Should we pay more attention to this crisis than the other crisis that’s dominating the headlines?
The opioid crisis in America is real and serious, but we forget about how dangerous alcohol is. Likely, alcohol deaths are still under reported because people are still ashamed. There are of course other issues with America’s drinking problem. Death by suicide is among them. Men in particular are often drunk when that happens, especially veterans. Did you know more than 100 vets a day die by suicide? Most of them are completely wasted when they do it. Those are not classified as alcohol deaths. There are specific cancers, namely of the mouth and throat, that are fueled by drinking adding to the body count.
The one that always gets me is this: 1,800 college students per year die at the hands of alcohol. So while the opiate crisis rages on with little relief in sight we quietly look the other way at alcohol’s wake of destruction.
Wait, 1,800 college kids die doing dumb drunk stuff every year?
None of the presidents of universities handle this particularly well. They act in the interest of the school brand and try to avoid lawsuits, but usually don’t do anything that would reduce the death rates.
So…dry campuses? Is that the move?
Dry campuses actually increase problems and death. That forces clandestine binge-drinking situations with no safety net. That means pre-gaming and shots and rank stupidity run amok. I’m convinced we’d see a nosedive in the mortality rates if there were more school-sanctioned parties that allow for freewheeling beer and cannabis consumption.
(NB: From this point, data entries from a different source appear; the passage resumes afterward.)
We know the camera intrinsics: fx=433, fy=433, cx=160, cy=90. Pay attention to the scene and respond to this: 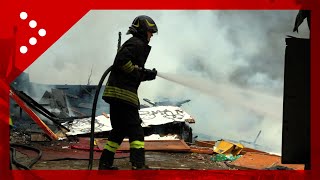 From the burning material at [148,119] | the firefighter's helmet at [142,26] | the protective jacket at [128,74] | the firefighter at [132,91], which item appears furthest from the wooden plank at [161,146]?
the firefighter's helmet at [142,26]

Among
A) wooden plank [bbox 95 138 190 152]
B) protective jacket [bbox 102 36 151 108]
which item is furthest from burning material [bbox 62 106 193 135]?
protective jacket [bbox 102 36 151 108]

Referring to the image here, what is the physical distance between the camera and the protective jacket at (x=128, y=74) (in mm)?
3893

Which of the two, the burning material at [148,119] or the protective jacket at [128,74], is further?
the burning material at [148,119]

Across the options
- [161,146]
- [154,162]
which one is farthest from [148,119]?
[154,162]

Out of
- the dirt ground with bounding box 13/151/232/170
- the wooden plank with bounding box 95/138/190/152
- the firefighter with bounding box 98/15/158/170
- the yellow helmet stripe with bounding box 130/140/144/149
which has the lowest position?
the dirt ground with bounding box 13/151/232/170

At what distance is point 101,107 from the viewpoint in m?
8.59

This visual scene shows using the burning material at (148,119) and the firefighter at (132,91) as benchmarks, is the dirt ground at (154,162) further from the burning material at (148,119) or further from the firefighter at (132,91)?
the burning material at (148,119)

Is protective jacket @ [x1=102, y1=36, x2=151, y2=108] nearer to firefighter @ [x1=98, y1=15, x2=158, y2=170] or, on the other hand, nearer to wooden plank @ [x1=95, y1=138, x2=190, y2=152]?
firefighter @ [x1=98, y1=15, x2=158, y2=170]

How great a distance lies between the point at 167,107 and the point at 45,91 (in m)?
2.46

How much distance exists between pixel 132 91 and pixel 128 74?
0.18 m

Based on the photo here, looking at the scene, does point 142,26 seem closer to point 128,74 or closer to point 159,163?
point 128,74

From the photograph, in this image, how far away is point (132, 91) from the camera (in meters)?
4.03

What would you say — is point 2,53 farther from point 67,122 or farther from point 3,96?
point 67,122

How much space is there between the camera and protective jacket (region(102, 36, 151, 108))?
3.89m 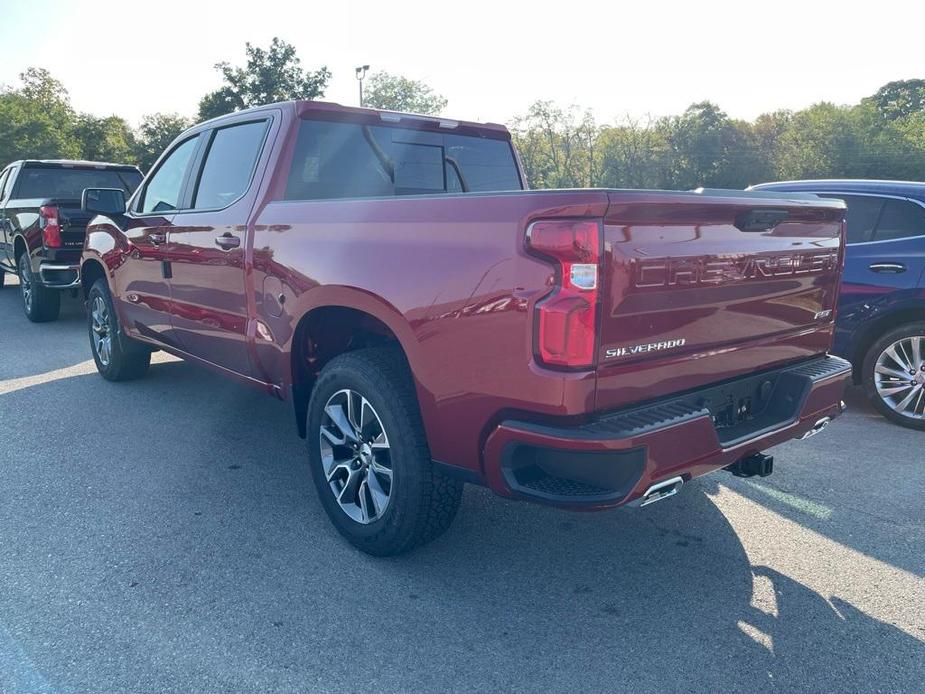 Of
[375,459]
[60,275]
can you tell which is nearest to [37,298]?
[60,275]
There are many crises afoot here, but are we not treating it like one. Does the New York Times need to do an A-1 story “America’s Alcohol Crisis is Horrid, But We Like Our Jim Beam Too Much To Do Anything About It.” That’s a bad headline, but you know what I mean…
Americans love guns and booze. Alcohol is part of the fabric of American life, and truth be told, most people who use it are safe about it. Like having a gun, getting drunk on the cheap is the birth rite of every American. (The 21st amendment.) The other reason alcohol sneaks around consequence free is because it’s the intoxication of choice for those with a voice. There is a simple question that will get anti-drug crusaders on Capitol Hill against the ropes: “Do you drink?” They will seldom answer and if they do they will say “alcohol is legal.”
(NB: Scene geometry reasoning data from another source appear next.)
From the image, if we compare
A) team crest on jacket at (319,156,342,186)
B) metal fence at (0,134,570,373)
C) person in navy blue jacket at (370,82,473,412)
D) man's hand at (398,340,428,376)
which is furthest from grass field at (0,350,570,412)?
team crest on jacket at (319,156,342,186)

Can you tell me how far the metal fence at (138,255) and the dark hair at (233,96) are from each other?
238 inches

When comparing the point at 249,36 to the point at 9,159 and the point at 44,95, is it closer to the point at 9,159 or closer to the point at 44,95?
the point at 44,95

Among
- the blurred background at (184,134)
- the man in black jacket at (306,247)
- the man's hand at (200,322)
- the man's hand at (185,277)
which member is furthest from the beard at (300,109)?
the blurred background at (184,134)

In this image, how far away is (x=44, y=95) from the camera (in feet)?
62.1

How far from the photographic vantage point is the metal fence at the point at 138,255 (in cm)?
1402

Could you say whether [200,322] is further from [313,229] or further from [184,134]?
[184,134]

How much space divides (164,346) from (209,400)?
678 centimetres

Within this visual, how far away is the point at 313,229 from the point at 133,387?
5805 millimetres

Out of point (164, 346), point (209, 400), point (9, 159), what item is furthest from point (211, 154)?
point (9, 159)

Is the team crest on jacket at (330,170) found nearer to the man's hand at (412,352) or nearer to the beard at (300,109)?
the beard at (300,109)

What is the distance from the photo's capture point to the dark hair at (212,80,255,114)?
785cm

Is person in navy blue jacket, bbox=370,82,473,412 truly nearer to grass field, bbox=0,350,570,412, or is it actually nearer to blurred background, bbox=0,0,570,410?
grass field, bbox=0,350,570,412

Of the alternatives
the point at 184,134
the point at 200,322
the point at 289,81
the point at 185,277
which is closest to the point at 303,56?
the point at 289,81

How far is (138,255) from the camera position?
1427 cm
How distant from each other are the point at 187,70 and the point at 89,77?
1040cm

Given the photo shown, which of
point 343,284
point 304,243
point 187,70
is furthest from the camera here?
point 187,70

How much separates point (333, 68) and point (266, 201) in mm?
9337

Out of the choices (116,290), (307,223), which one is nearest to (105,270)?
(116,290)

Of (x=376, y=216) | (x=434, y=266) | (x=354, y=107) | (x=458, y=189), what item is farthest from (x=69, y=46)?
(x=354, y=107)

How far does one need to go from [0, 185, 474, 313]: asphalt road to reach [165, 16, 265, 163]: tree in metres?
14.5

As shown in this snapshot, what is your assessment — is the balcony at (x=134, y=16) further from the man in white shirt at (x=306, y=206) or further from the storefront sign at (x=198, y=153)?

Alcohol never pays the piper for many reasons, It’s a wealth-amassing, recession-resistant product, that’s taxed minimally and readily available. What do we think is going to happen?
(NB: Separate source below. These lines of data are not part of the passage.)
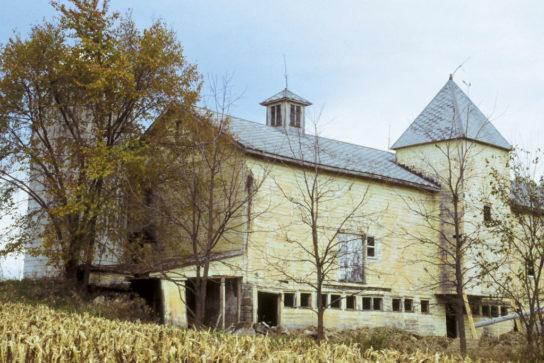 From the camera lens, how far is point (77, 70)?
26.0 m

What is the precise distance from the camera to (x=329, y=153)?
99.6ft

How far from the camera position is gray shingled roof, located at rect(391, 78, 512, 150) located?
33.1 m

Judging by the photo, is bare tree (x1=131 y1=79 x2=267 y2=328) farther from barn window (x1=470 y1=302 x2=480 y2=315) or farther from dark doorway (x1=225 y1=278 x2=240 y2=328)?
barn window (x1=470 y1=302 x2=480 y2=315)

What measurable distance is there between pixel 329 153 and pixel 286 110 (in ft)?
21.4

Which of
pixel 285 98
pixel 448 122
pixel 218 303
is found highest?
pixel 285 98

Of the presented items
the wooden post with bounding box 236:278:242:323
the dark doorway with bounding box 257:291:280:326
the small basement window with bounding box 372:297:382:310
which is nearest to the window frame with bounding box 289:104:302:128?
the dark doorway with bounding box 257:291:280:326

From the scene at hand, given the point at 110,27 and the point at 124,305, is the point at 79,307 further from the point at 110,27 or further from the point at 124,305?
the point at 110,27

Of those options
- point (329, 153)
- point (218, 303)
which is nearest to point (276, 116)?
point (329, 153)

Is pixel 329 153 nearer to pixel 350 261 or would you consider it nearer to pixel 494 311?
pixel 350 261

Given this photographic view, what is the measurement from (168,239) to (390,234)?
9.84 m

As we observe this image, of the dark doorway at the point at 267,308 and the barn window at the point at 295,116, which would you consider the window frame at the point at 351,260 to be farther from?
the barn window at the point at 295,116

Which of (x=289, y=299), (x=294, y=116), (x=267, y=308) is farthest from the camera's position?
(x=294, y=116)

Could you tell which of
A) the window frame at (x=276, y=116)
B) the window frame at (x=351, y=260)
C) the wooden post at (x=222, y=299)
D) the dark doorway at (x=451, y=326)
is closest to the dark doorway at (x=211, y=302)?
the wooden post at (x=222, y=299)

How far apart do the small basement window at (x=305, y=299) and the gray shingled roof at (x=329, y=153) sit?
5176 millimetres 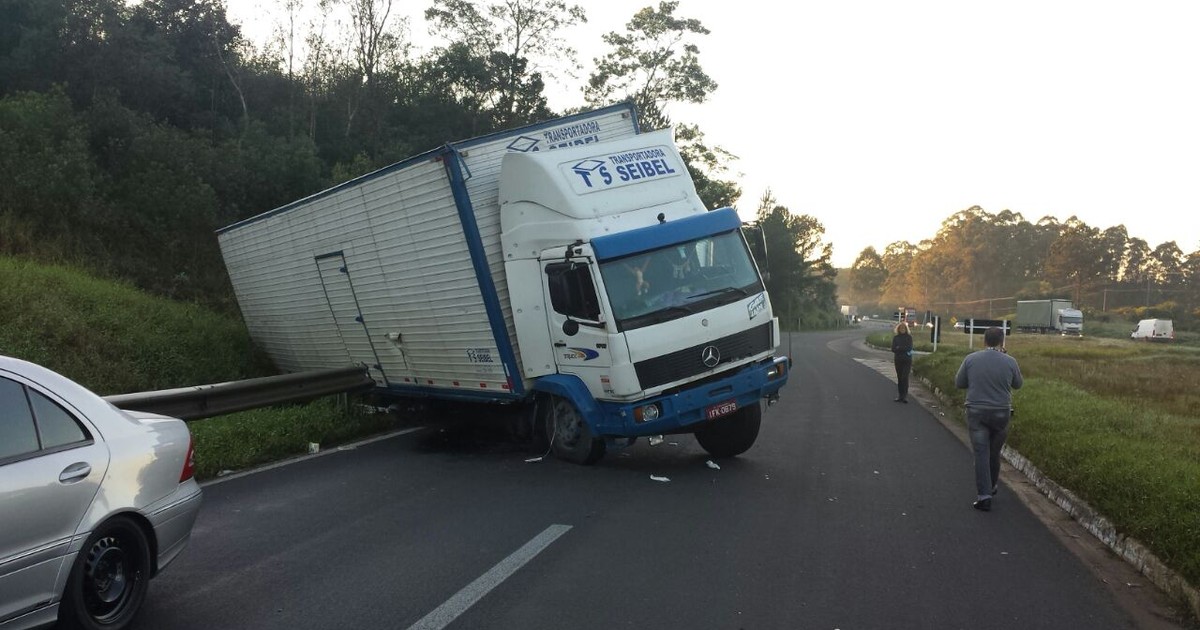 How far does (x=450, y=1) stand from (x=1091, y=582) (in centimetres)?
4001

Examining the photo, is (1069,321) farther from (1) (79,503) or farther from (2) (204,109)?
(1) (79,503)

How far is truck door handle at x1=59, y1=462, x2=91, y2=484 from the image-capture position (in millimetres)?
4160

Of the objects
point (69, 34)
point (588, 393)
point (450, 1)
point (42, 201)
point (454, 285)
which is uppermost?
point (450, 1)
Will alcohol ever be reconsidered, culturally speaking?
Maybe if Bill and Melinda Gates made it their cause, they would have some ability to change cultural thinking on it, but I’m sure they drink wine. America already thinks we have solutions: self-control, “just say no,” and if that fails, we have AA. It’s actually a really bad plan.
Plus, we forget that there are huge lobbies for alcohol. The Distilled Spirits Lobby of America being one of them. They take their summer interns on tours of distilleries and do shots on the bus. They work very hard to expand the laws that allow for the sale of alcohol. They work very hard to expand the hours that bars and hotels can sell alcohol. Here in San Francisco, there was a city initiative to be able to keep bars open until 4am not 2am. They dangled the argument that it was to increase the health for the hospitality industry. There wasn’t anything in the bill to pay for the additional damage these two extra hours of drinking would cause. That’s the alcohol lobby at work. Most states have not raised taxes on alcohol in decades. California last saw a tax raise in the 9o’s, Wyoming hasn’t raised taxes on alcohol since 1935. 1935! The beer and wine lobbies are also incredibly powerful and well funded. So is corn and you need corn to make the stuff so the corn lobbyists have a vested interest in booze. The PR gimmick is to flag wave about how much money they create for the economy. They do, for sure, but we’ve never netted out what the human casualties cost. But, yeah, “drink responsibly.”
Huh. That’s bleak. What does “drink responsibly” even mean anymore?
It certainly means “designate a driver,” but it doesn’t seem to mean “consume less alcohol” or “consider a safer form of intoxication,” or “hey, how about you not get fucked up and see the immense beauty of the natural world for once?”
I think an easy start to waking up the culture a bit would be better warning labels. What if a bottle of vodka had a picture of a liver in end stages of cirrhosis? Or maybe “use of this product increases rape, suicide, certain cancers, and can cause all sorts of heartache for your family.” I watch TV commercials for medicine all the time where they have to state even the most remote of symptoms, just so people realize that there’s a real risk of shitting your pants in public if you take these pills for your chronic fibromyalgia. I have no idea why there aren’t similar warnings embedded into those Mila Kunis commercials, like “use of this product increases violence, death by suicide, certain cancers, and can cause all sorts of heartache for your family if you’re not more careful,” but that’s just me.